In wet or slippery conditions, front-wheel-drive Arteons can struggle for traction, so it’s worth considering the 4Motion four-wheel drive system that’s available either as an option or standard on the most powerful engines. Even on greasy roads, this gives terrific traction out of tight corners.
Which brings us neatly on to the handling. The Arteon’s steering is well weighted and precise – if not as feelsome as the XE’s or the 4 Series’. As standard, you get variable steering, which is calmer at high speeds for better stability but quicker around town for less arm-twirling – a real boon when parking in tight spots.

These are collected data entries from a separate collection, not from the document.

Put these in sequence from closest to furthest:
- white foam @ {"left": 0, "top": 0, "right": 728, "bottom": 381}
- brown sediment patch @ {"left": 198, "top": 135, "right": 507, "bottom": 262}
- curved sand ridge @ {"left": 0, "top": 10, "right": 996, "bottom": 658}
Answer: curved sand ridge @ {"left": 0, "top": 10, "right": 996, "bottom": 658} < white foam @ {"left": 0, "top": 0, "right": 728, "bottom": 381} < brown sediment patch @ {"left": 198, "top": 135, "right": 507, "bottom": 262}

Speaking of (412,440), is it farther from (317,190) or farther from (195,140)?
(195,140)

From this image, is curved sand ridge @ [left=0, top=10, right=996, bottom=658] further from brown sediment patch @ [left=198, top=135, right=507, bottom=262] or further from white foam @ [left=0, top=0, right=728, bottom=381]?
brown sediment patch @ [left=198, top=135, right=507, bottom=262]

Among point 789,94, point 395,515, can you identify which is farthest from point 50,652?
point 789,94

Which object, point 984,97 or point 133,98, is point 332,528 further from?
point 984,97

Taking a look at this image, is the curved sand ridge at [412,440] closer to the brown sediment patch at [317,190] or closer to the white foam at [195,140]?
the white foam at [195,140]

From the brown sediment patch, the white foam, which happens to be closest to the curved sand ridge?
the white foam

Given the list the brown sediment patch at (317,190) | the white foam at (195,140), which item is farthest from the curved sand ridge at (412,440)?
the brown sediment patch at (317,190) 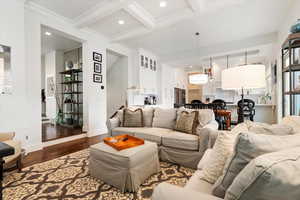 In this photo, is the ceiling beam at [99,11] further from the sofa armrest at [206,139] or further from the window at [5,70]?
the sofa armrest at [206,139]

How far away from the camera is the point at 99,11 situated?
3270 mm

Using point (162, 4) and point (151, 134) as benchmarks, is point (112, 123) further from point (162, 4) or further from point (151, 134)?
point (162, 4)

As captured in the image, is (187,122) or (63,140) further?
(63,140)

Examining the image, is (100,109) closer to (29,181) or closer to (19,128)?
(19,128)

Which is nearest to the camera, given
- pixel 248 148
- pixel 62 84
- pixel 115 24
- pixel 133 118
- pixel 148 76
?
pixel 248 148

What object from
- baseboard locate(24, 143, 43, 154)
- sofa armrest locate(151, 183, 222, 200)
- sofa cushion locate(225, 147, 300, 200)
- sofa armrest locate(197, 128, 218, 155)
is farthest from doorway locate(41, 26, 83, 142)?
sofa cushion locate(225, 147, 300, 200)

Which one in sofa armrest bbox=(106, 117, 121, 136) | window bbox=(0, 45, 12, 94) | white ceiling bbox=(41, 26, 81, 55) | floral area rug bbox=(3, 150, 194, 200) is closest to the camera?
floral area rug bbox=(3, 150, 194, 200)

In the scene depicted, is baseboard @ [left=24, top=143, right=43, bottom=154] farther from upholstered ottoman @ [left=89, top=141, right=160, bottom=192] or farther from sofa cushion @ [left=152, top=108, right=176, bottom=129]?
sofa cushion @ [left=152, top=108, right=176, bottom=129]

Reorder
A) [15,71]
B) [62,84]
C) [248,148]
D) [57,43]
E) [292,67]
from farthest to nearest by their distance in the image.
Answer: [62,84]
[57,43]
[15,71]
[292,67]
[248,148]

The Arteon is sold as a sportier model than the Passat and, as such, it gets tweaked suspension to make it much more planted through corners, with lots of grip. Still, for keener drivers, it misses out on the playfulness of the rear-wheel-drive 4 Series and XE.
We’ve driven Arteons with standard non-adaptive suspension as well as examples with the optional Dynamic Chassis Control (DCC) adaptive dampers. With the latter, even when set in Normal (one of three modes), the Arteon rides well both at motorway speeds and around town. Sharper potholes and ridges encountered at speed are the only things that catch it out and cause it to thump. The standard suspension is similarly compliant at speed but more unsettled in town, especially when paired with larger wheels.
On the motorway, you hear a fair amount of road noise, but wind noise is muted.